Reusing Locality Information¶
Perhaps the most powerful method users have at their disposal for speeding up calculations is proper reuse of the data structures in freud.locality
.
As one example, consider using freud to calculate multiple neighbor-based quantities for the same set of data points.
It is important to recognize that internally, each time such a calculation is performed using a (box, points)
tuple
, the compute class is internally rebuilding a neighbor-finding accelerator such a freud.locality.AABBQuery
object and then using it to find neighbors:
# Behind the scenes, freud is essentially running
# freud.locality.AABBQuery(box, points).query(points, dict(r_max=5, exclude_ii=True))
# and feeding the result to the RDF calculation.
rdf = freud.density.RDF(bins=50, r_max=5)
rdf.compute(system=(box, points))
If users anticipate performing many such calculations on the same system of points, they can amortize the cost of rebuilding the AABBQuery
object by constructing it once and then passing it into multiple computations:
# Now, let's instead reuse the object for a pair of calculations:
nq = freud.locality.AABBQuery(box=box, points=points)
rdf = freud.density.RDF(bins=50, r_max=5)
rdf.compute(system=nq)
r_max = 4
orientations = np.array([[1, 0, 0, 0]] * num_points)
pmft = freud.pmft.PMFTXYZ(r_max, r_max, r_max, bins=100)
pmft.compute(system=nq, orientations=orientations)
This reuse can significantly improve performance in e.g. visualization contexts where users may wish to calculate a bond order diagram
and an RDF
at each frame, perhaps for integration with a visualization toolkit like OVITO.
A slightly different use-case would be the calculation of multiple quantities based on exactly the same set of neighbors.
If the user in fact expects to perform computations with the exact same pairs of neighbors (for example, to compute freud.order.Steinhardt
for multiple \(l\) values), then the user can further speed up the calculation by precomputing the entire freud.NeighborList
and storing it for future use.
r_max = 3
nq = freud.locality.AABBQuery(box=box, points=points)
nlist = nq.query(points, dict(r_max=r_max)).toNeighborList()
q6_arrays = []
for l in range(3, 6):
ql = freud.order.Steinhardt(l=l)
q6_arrays.append(ql.compute((box, points), neighbors=nlist).particle_order)

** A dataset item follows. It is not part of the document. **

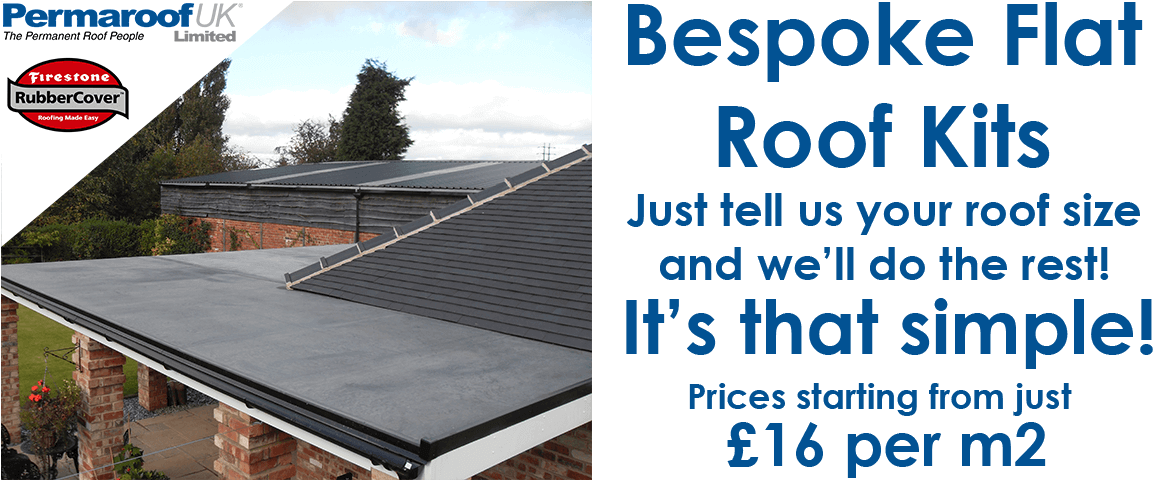 Bespoke Firestone Epdm Rubber Flat Roof Kits - Firestone Rubber Cover (1173x479), Png Download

Notably, if the user calls a compute method with compute(system=(box, points))
, unlike in the examples above freud will not construct a freud.locality.NeighborQuery
internally because the full set of neighbors is completely specified by the NeighborList
.
In all these cases, freud does the minimal work possible to find neighbors, so judicious use of these data structures can substantially accelerate your code.
Proper Data Inputs¶
Minor speedups may also be gained from passing properly structured data to freud.

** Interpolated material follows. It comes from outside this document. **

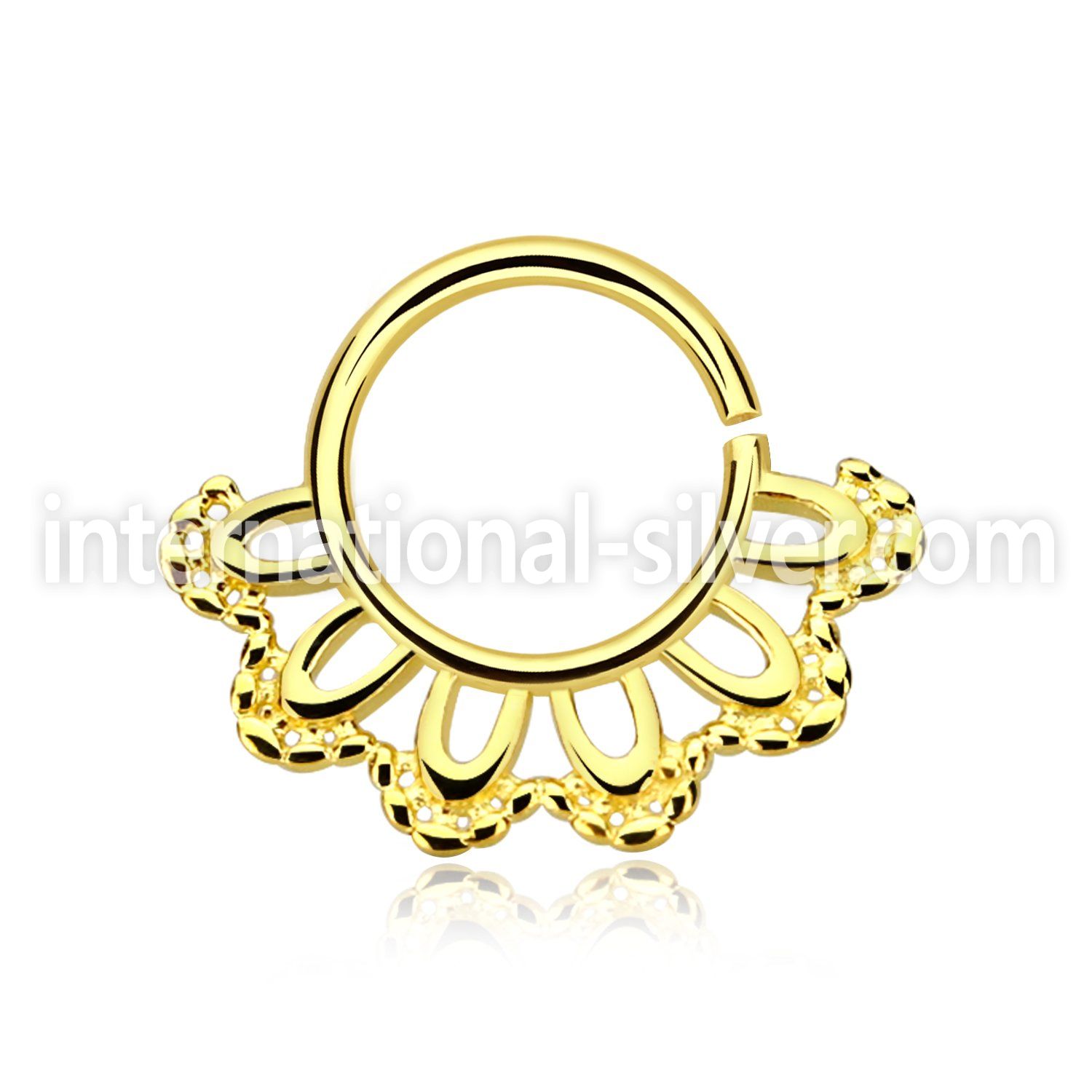 gpsepv3 seamless segment rings silver 925 septum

The package was originally designed for analyzing particle simulation trajectories, which are typically stored in single-precision binary formats.

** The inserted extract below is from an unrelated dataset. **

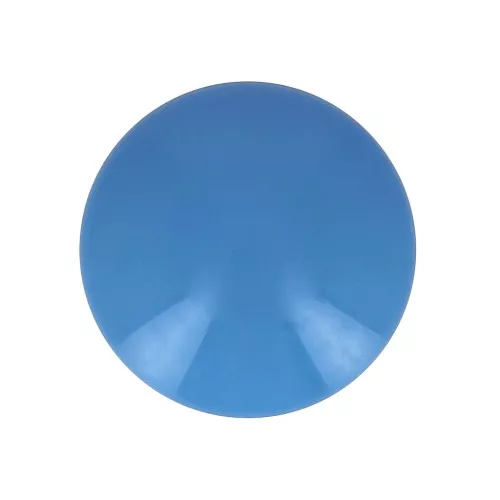Cabochon in resina opaca 12 mm - Blu lapis x1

As a result, the freud library also operates in single precision and therefore converts all inputs to single-precision.
However, NumPy will typically work in double precision by default, so depending on how data is streamed to freud, the package may be performing numerous data copies in order to ensure that all its data is in single-precision.
To avoid this problem, make sure to specify the appropriate data types (numpy.float32
) when constructing your NumPy arrays.